DMX – детские годы. Отрывок автобиографии
Мотивацию тех или иных поведенческих моментов человека принято искать в его детстве. Да и даже без этого, разве не интересно узнать, чем дышал в нежные годы такой человек как DMX
Помните у ВИА-Гры – "Послушанье - это не мое, я иду по встречной полосе. Нет ничего лучше, чем несовпаденье, нет ничего хуже, чем быть как все!"? Такое впечатление, что Dark Man X взял на вооружение этот лозунг и образ действий еще до того, как это озвучили три гарные дивчины с отечественной эстрады. Мотивацию тех или иных поведенческих моментов человека принято искать в его детстве. Да и даже без этого, разве не интересно узнать, чем дышал в нежные годы такой человек как DMX. Может быть, его страсть к скоростной езде на машинах, не просто блажь скучающего удачника. Предлагаем вам отрывок из его автобиографии "E.A.R.L. The Autobiography of DMX".
Меня зовут Эрл Симмонс. Я был рожден 18 декабря 1970 года, в районе Mount Vernon, Нью-Йорк. Я был первым и единственным ребенком Арнетты Симмонс и Джо Баркера. Я всегда ненавидел свое имя, потому что оно казалось мне таким заскорузлым, и еще вот что - у меня нет ни одного отчества. Я не знаю, почему моя мать не захотела дать мне какое-то из имен тех мужиков, с которыми она встречалась, ведь их вокруг было предостаточно.

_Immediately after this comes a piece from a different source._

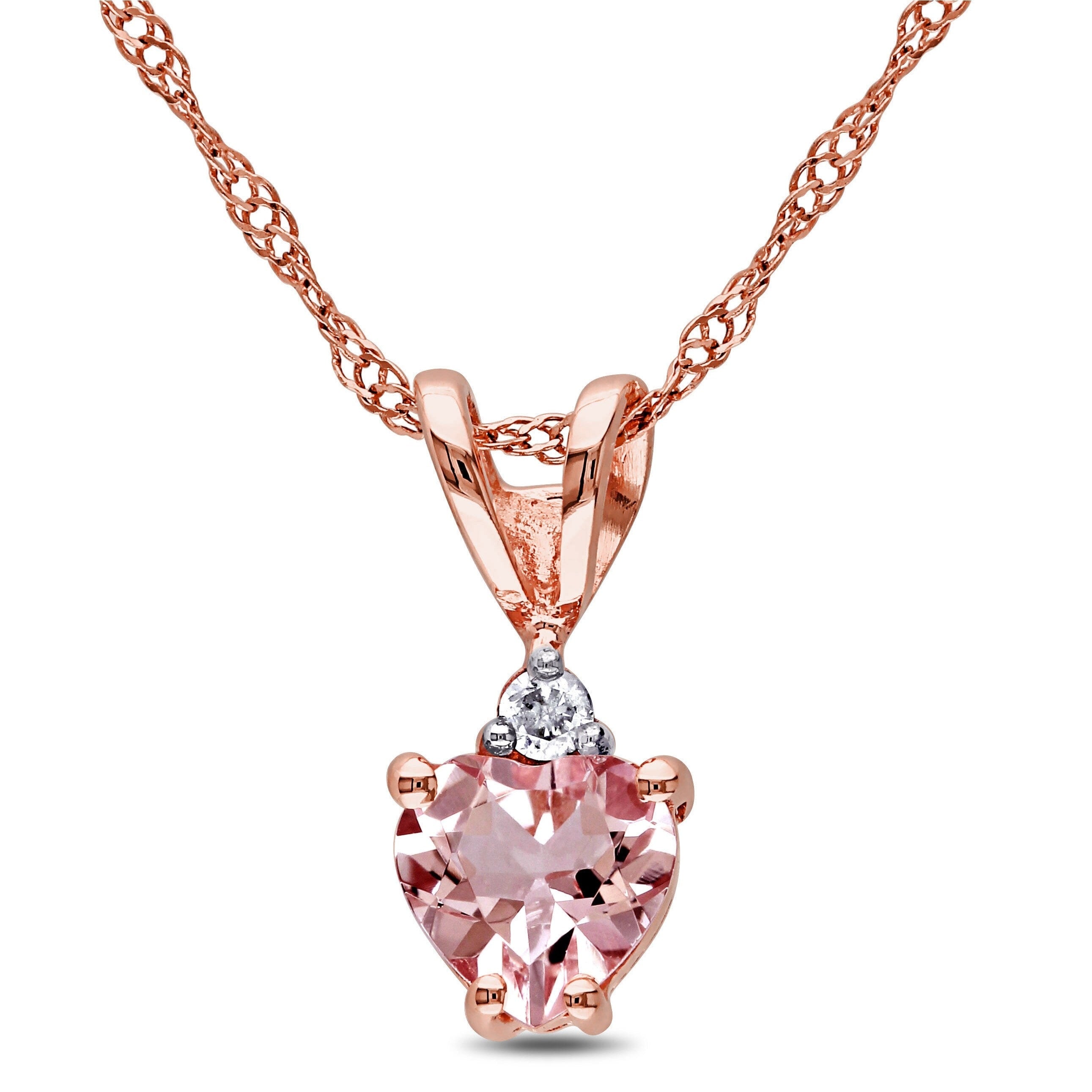 Miadora 10K Rose Gold Heart Cut Morganite And Diamond Accent Necklace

Моя мать узнала, что она была беременна мной, когда ей было девятнадцать. Это было плохо, потому что она уже имела двухлетнюю Бониту, и не планировала заводить второго ребенка. Так что она приехала в этот дом для незамужних матерей в Mount Vernon и попросила, чтобы ее сестра забрала на время Бониту, потому что ее "нервы расшатались". Моя сестра оставалась с нею до тех пор, пока я не родился, в то время как моя мать пробовала собрать свою жизнь. Когда мне был год, мама моей мамы умерла, и даже с учетом того, что мама выросла вдали от неё, она потеряла единственного человека, к которому могла обратиться за помощью. Лаверна не взяла бы обоих ее детей, и таким образом моя мать была вынуждена понять, что должна найти собственное место.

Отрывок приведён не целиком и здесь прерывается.